The fleet at the Nore received the same assurances on the seventeenth as had been given to the fleet at St Helens, but a different combination of personalities and circumstances was at work there. Howe could not be sent to two places at once, and the seamen at the Nore were led by a well-educated rabble-rouser by the name of Richard Parker who had joined the navy after emerging from a debtors’ prison. Parker’s motives were more political than the straightforward grievances of the men of the Channel Fleet, as he evidently sympathised with revolutionary ideas. He also set up more of an alternative command, insisting that he be called ‘President’ or sometimes ‘Rear Admiral’, while holding meetings in the state cabin of the Sandwich, the flagship of Vice Admiral Buckner. Parker’s mutineers demanded additional concessions, including an end to punishments for recaptured deserters and the removal of a much wider swathe of officers; they also positioned their vessels to make ready for a blockade of London, and drew to their cause the majority of ships at Yarmouth, which were essential to prevent a Dutch invasion.

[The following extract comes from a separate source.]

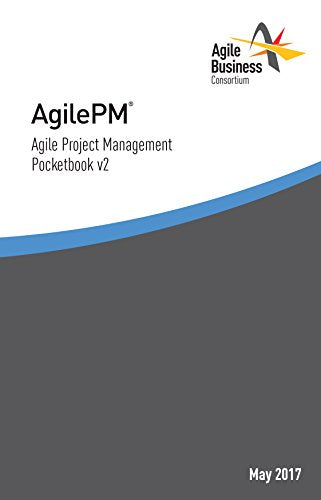 Agile Project Management (AgilePM®) Pocketbook v2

The scale, motives and strategic location of the mutiny at the Nore presented Pitt with the gravest crisis he had ever confronted. In the last week of May, almost every possible misfortune seemed to join together in a confluence of disaster. It was known definitively that the Austrians had made peace with France, the fleet at the Nore was exchanging artillery fire with the army at Tilbury, disorder was breaking out in the army itself among the artillery stationed at Woolwich, the ships meant to guard against the Dutch invasion were refusing to do so, the opposition were mounting a renewed push for parliamentary reform on the floor of the Commons, and the Cabinet was racked with division over the next effort to make peace.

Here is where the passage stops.